Given data section start
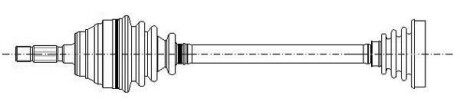 Піввісь Metelli 17-1265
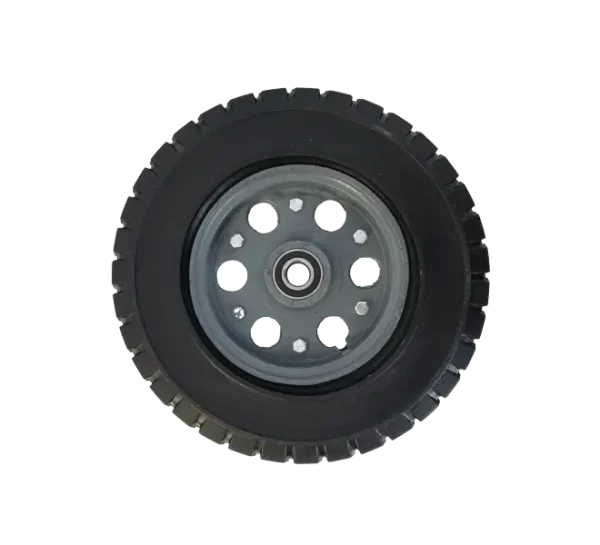 Rueda Caucho Macizo <br> Núcleo Hierro Forjado <br>Diámetro 400 mm<br><br> - Imagen 2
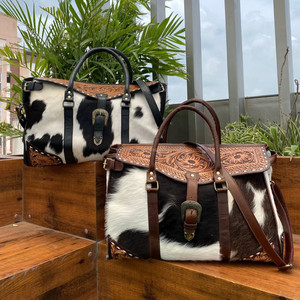 Sac de week-end unisexe en cuir usiné à la main de style vintage Sac de voyage d'affaires ou à usage personnel en cuir de vachette véritable personnalisé - Product Image 4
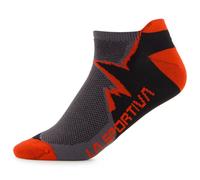 La Sportiva - Climbing Socks - Chaussettes multifonctions - Unisex M | EU 38-40 - carbon / mountain red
Given data section end
Repeat the listing in full and exactly. Leave any pictures out.

Your response:
 Піввісь Metelli 17-1265
 Rueda Caucho Macizo <br> Núcleo Hierro Forjado <br>Diámetro 400 mm<br><br> - Imagen 2
 Sac de week-end unisexe en cuir usiné à la main de style vintage Sac de voyage d'affaires ou à usage personnel en cuir de vachette véritable personnalisé - Product Image 4
 La Sportiva - Climbing Socks - Chaussettes multifonctions - Unisex M | EU 38-40 - carbon / mountain red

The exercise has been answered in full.